##### Supplied material #####
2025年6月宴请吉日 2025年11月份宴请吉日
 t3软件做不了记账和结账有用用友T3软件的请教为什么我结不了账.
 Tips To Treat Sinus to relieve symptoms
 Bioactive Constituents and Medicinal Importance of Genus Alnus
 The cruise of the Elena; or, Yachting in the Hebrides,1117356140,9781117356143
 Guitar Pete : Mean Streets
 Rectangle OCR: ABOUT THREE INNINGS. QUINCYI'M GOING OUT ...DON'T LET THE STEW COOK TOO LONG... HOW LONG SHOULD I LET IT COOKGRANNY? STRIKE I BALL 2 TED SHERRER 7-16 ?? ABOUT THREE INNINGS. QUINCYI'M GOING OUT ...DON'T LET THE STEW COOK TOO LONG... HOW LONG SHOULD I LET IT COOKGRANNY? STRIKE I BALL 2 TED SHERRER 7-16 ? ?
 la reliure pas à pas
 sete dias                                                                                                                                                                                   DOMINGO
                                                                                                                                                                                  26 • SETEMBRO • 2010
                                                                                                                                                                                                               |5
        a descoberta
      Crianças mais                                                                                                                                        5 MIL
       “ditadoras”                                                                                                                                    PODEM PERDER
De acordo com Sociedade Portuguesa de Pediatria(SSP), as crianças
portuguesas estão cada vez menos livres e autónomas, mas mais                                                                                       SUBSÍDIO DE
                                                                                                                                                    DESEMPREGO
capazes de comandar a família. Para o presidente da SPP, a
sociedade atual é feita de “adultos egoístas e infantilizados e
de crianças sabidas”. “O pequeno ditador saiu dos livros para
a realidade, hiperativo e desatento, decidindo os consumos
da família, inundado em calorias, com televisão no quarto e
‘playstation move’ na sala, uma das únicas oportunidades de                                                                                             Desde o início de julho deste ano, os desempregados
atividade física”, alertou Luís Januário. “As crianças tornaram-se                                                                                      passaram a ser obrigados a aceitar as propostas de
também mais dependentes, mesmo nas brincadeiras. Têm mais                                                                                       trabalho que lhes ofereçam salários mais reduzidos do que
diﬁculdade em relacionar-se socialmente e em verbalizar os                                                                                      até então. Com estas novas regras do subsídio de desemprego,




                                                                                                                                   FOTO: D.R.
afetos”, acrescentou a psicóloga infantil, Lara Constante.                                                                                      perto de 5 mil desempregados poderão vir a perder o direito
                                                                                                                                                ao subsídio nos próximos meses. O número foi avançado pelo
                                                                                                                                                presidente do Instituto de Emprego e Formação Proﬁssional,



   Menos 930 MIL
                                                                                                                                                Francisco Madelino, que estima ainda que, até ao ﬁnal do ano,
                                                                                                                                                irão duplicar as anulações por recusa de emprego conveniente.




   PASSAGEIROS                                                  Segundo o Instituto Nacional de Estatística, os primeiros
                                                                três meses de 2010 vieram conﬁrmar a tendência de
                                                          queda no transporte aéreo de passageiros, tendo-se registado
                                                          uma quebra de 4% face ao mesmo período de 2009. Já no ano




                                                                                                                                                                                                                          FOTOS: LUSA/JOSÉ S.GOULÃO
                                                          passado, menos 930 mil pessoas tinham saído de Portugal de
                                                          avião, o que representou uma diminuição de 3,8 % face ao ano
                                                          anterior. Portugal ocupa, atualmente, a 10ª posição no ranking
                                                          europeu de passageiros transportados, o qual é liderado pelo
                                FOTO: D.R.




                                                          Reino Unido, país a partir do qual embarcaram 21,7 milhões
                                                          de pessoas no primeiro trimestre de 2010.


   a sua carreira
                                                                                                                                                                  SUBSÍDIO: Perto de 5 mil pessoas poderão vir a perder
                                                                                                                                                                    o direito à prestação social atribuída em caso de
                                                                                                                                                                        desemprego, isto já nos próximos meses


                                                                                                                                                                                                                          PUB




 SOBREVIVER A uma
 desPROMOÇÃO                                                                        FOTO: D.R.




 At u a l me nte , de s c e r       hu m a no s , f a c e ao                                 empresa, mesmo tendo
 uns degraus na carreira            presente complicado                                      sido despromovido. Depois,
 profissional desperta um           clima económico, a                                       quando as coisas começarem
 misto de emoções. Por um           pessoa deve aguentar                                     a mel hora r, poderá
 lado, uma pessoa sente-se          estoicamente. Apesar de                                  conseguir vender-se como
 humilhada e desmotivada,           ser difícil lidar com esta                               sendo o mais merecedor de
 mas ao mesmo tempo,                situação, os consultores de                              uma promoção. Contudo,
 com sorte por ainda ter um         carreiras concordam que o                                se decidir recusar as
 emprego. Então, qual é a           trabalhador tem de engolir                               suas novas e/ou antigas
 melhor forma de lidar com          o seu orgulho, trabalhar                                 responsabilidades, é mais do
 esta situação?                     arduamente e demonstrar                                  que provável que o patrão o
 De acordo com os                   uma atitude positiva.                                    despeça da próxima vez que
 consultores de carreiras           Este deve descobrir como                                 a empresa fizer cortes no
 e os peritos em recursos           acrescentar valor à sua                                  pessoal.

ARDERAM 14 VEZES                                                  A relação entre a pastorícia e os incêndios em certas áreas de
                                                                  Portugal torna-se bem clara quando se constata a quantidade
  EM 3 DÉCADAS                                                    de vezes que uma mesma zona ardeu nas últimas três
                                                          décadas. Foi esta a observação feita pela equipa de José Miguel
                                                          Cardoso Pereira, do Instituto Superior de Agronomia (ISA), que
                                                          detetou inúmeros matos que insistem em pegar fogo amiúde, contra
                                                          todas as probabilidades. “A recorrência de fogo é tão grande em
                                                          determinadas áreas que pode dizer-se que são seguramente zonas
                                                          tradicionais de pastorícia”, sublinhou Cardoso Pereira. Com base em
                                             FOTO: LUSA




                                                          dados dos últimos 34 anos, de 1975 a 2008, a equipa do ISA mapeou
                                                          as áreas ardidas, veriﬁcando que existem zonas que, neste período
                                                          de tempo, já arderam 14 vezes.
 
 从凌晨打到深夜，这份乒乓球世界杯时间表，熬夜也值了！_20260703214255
#####
= Exercise details =
Search the records for the word "acordo" and copy every line where it occurs.

= Task response =
De acordo com Sociedade Portuguesa de Pediatria(SSP), as crianças
 De acordo com os                   uma atitude positiva.                                    despeça da próxima vez que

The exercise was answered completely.